The decision of the court to take jurisdiction nevertheless, raises another troubling issue. If the Commissioner is correct, as the court apparently thinks, the board must be seen as simply an extension of the Commissioner’s policy-making authority and thus not independent. If this is so, the standard by which this court reviews decisions of the board is questionable. It is now the practice, dubious from the start, to review the board under the same standard as we review a district court. In re King, 801 F.2d at 1326, 231 USPQ at 138. Questions of law are reviewed de novo, while findings of fact are examined to determine whether they are clearly erroneous. E.g., In re McCarthy, 763 F.2d at 412, 226 USPQ at 100(obviousness is reviewed for legal correctness without deference to the board’s determinations); In re Bond, 910 F.2d at 833, 15 USPQ2d at 1567 (anticipation is a question of fact for the board reviewed under the clearly erroneous standard). But if the board is simply implementing policy set out by the Commissioner, its decisions cannot be considered “legal” but must be subject to review as statements of agency policy. How such agency policy decisions 1577*1577 are to be reviewed is not uniformly agreed upon by the courts; some review them for abuse of discretion, some for whether they are arbitrary and capricious, and some virtually refuse to review them at all. Regardless of which of these standards would be most appropriate, it at least may be said that the standard of review applied by this court to the board should include a good deal more deference than has been applied heretofore. Our practice is inconsistent with our review of agency boards of contract appeals. Those boards are “independent” of their agencies, and yet the Contract Disputes Act directs that their fact finding be reviewed under the deferential “substantial evidence” standard. See 41 U.S.C. § 609(b) (1988); Triax-Pacific v. Stone, 958 F.2d 351, 353 (Fed.Cir.1992). If the court is correct that the patent appeals board is less “independent” and makes policy-based decisions, then arguably it should be reviewed more deferentially than contract appeals boards, not less so, as now.

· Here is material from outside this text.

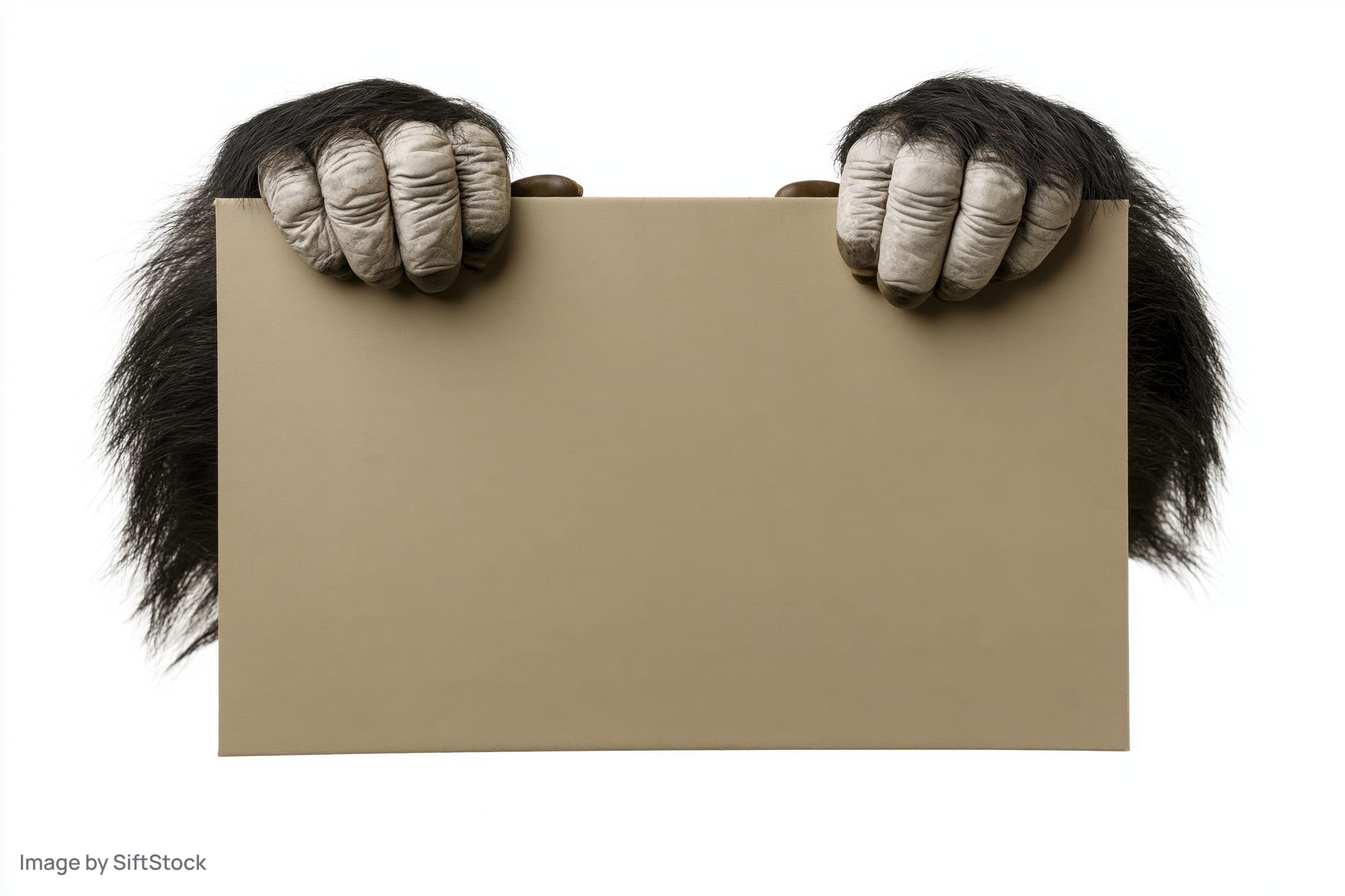 Gorilla hands holding a blank cardboard sign against white background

The court seems inclined to let this matter slide, but I believe the decision today upholding jurisdiction puts the issue squarely before us, and the ramifications of that decision should not go quietly unnoticed. We should not pretend we are reviewing judicial decisions if they are really nothing more than policy actions. Even on a more deferential standard of review, however, I would still hold the Commissioner’s manipulation of the board illegal.